## EXERCISE DESCRIPTION
Starting from the line that holds "this 640×480 image.", print each remaining line of the entries exactly, ending with the last.

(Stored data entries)

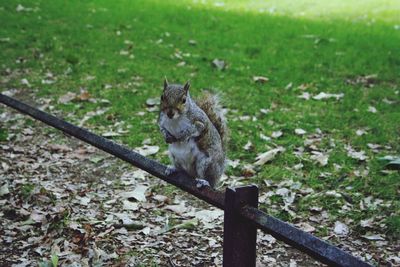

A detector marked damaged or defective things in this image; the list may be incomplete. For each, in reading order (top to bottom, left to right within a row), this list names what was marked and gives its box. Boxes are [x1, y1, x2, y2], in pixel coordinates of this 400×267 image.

rusty metal bar [0, 94, 225, 209]
rusty metal bar [1, 94, 374, 267]
rusty metal bar [223, 186, 258, 267]
rusty metal bar [239, 207, 370, 267]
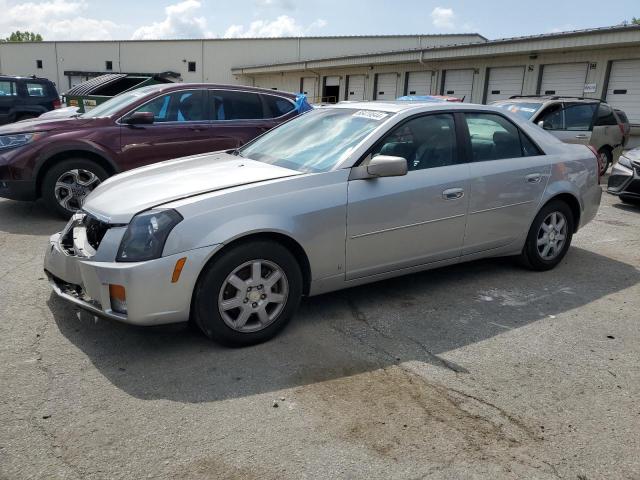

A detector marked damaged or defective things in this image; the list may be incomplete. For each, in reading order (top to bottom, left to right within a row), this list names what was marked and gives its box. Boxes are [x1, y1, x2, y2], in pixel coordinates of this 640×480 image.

cracked pavement [0, 188, 636, 480]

## WRITTEN ANSWER
A detector marked damaged or defective things in this image; the list may be incomplete. For each, in reading order (top to bottom, left to right within a row), this list names what was marked and gives its box. Boxes are [x1, y1, x2, y2], in pixel coordinates of this 640×480 image.

cracked pavement [0, 188, 636, 480]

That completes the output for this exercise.